Sinister and dark, Stoker is a film which both dazzles and delights in the most wicked ways possible. Written by Prison Break star Wentworth Miller, it is a film that creeps off the screen and makes a comfortable nest deep in your mind, waiting to hatch its disturbing secrets without ever pandering to exposition.
Park creates a gothic undertow to everything, his camera gracefully exploring India’s existence allowing us an intimate insight into both her psyche and burgeoning, yet stilted, emotions about the world around her. In many ways the Stoker family are an off-shot of The Adams Family; dysfunctional, maybe, fascinating, always and yet you hope and long for the dark temptations to gradually bubble to the surface.
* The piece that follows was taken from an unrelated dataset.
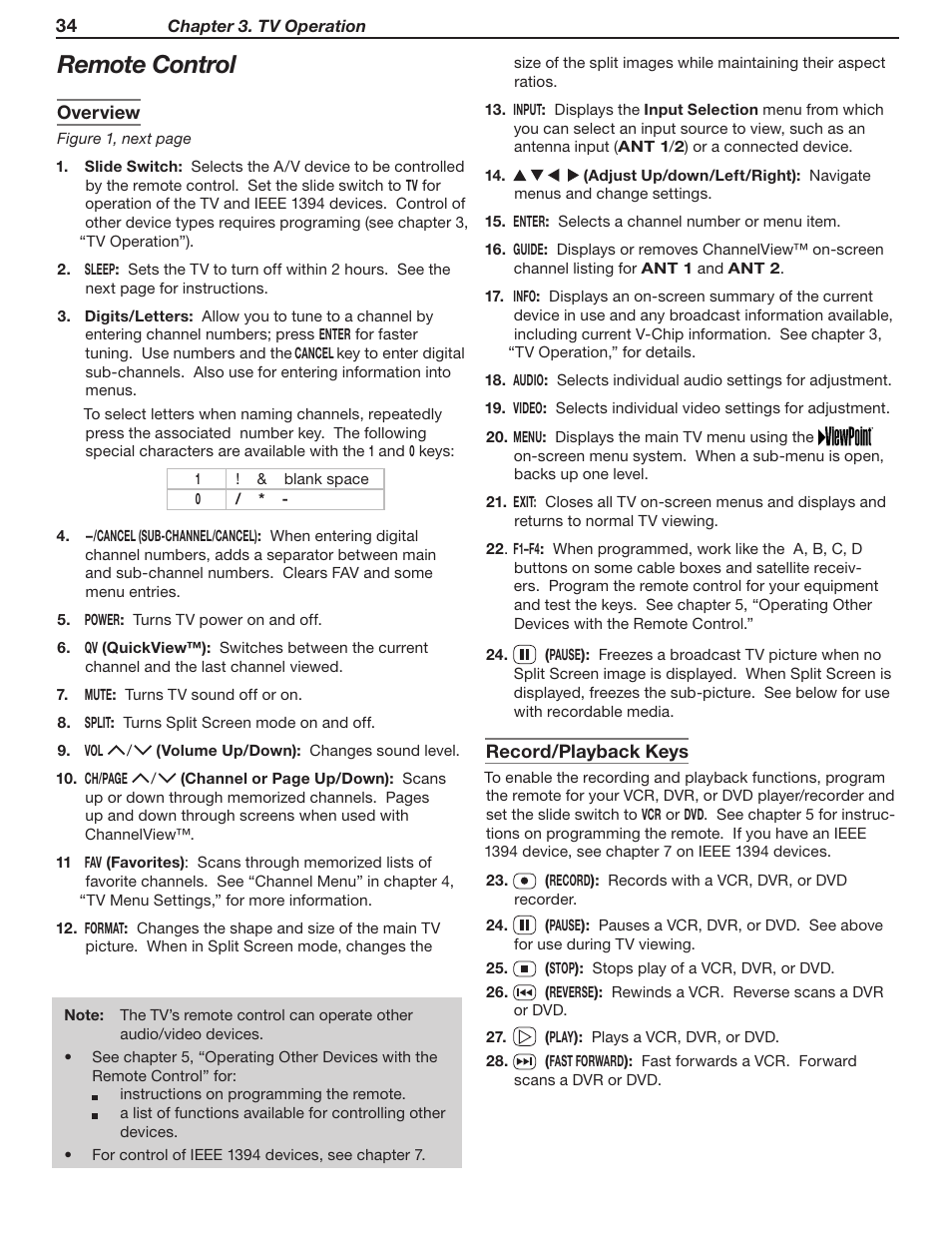 Remote control | MITSUBISHI ELECTRIC WD-52631 User Manual | Page 34 / 108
And bubble they do, the plot gently simmering to a boiling point that leaves a baleful grin plastered on your face.
As he did with Oldboy and his take on the vampire mythology Thirst, Park paints Stoker with a drained pallet, a colour scheme that allows India’s drab clothes to perfectly blend in until the momentous moment she blossoms into something new. All the while the sexual chemistry broods beneath the almost Charlotte Bronte like levels of frustration and forbidden love. Huge credit should go to Miller who has conjured a script which unfolds at a spine-chillingly satisfying pace, always maintaining just enough mystery to keep you utterly immersed in the characters and slow-burn plot.
Matthew Goode has never been better. His Charlie is a catalyst in India’s life, a grinning Cheshire Cat complete with flights of fancy and tricks to help India keep the baying school boys at arms length. Kidman brings an icy cool, porcelain anger to Evelyn, calculating and erratic it’s a world removed from her flamboyant performance in The Paperboy but wonderfully reminiscent of her role in Eyes Wide Shut. As if her character from Kubrick’s final film has finally gone off the rails to live a wide-eyed twisted life holed up in a house too big even for her over the top ways. But it is Mia Wasikowska who shines the brightest. Her portrayal of India is wonderfully bird-like, eyes darting this way and that while beneath the calm curiosity you long for that inner demon to break free and run amok.
Between Stoker and Neil Jordon’s Byzantium, disturbing gothic families are having quite the impact on this year’s cinematic output. Stocker is up there with the year’s finest, a neat, riveting and compelling film that evokes endless shivers and grins of ominous foreboding.